Rupiah Diproyeksi Fluktuatif, Siap-siap Menuju Rp 17.200

Rupiah hari ini diprediksi fluktuatif di level Rp17.160-Rp17.200 per dolar AS. Ketegangan AS-Iran dan lonjakan harga minyak picu ketidakpastian pasar global.

Diterbitkan 21 April 2026, 10:00 WIB
Share
Copy Link
Batalkan

Liputan6.com, Jakarta - Nilai tukar rupiah terhadap dolar Amerika Serikat (AS) diperkirakan bergerak fluktuatif pada perdagangan Selasa (21/4/2026), dengan kecenderungan ditutup melemah. Pengamat mata uang dan komoditas, Ibrahim Assuaibi, memproyeksikan rupiah akan bergerak dalam rentang Rp 17.160 hingga Rp 17.200 per dolar AS pada perdagangan hari ini.

“Mata uang rupiah fluktuatif namun ditutup melemah direntang Rp 17.160- Rp 17.200,” kata Ibrahim kepada Liputan6.com, Selasa (21/4/2026).

Adapun pada perdagangan sebelumnya, Senin 20 April 2026, rupiah justru menunjukkan penguatan. Mata uang domestik ditutup naik 21 poin ke level Rp 17.168 per dolar AS, setelah sempat menguat hingga 25 poin sepanjang sesi perdagangan. Posisi ini lebih baik dibandingkan penutupan sebelumnya di level Rp 17.188 per dolar AS.
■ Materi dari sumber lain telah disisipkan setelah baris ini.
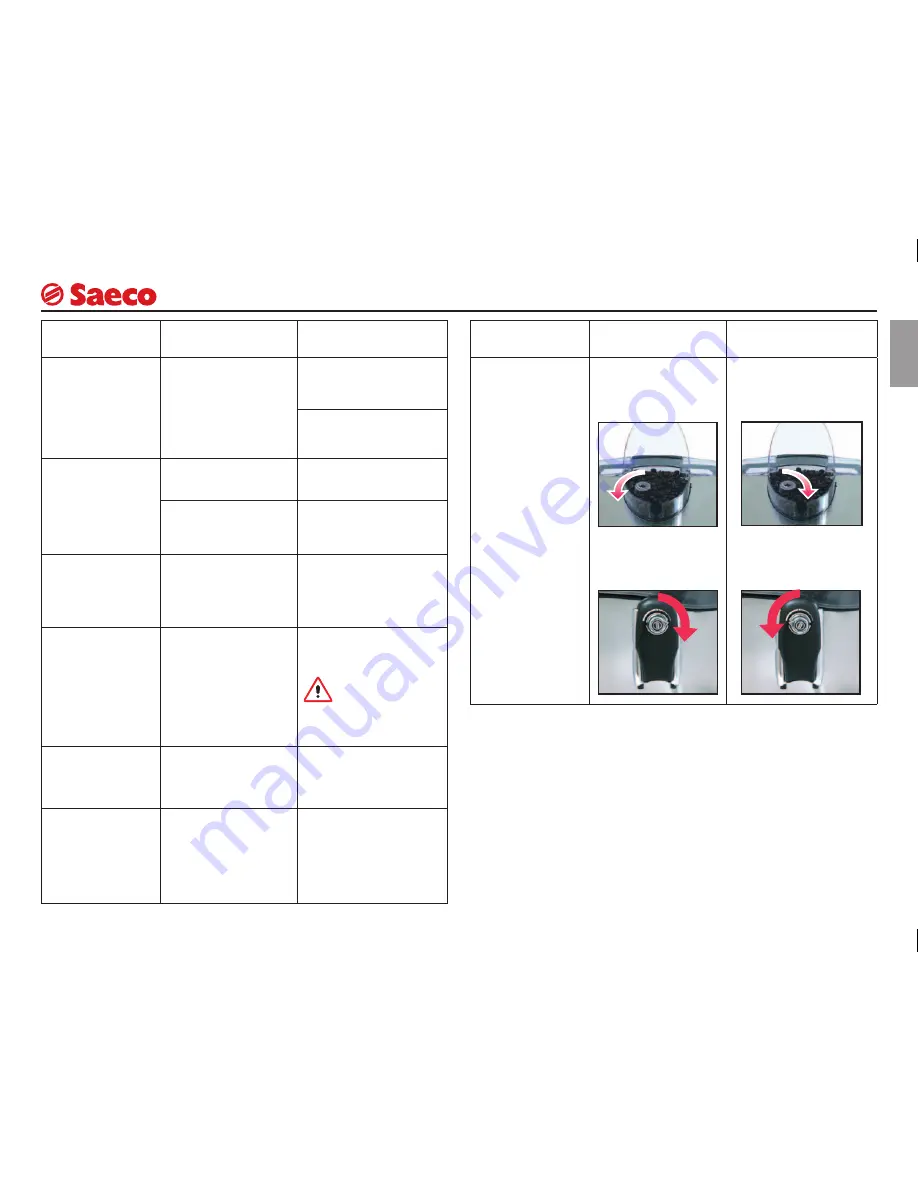 Saeco 740823349 Operating Instructions Manual Download Page 25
Meski demikian, pergerakan rupiah yang cenderung fluktuatif menunjukkan pasar masih dibayangi ketidakpastian global. Sentimen dari arah kebijakan moneter, pergerakan dolar AS, hingga dinamika harga komoditas turut memengaruhi arah mata uang negara berkembang, termasuk Indonesia.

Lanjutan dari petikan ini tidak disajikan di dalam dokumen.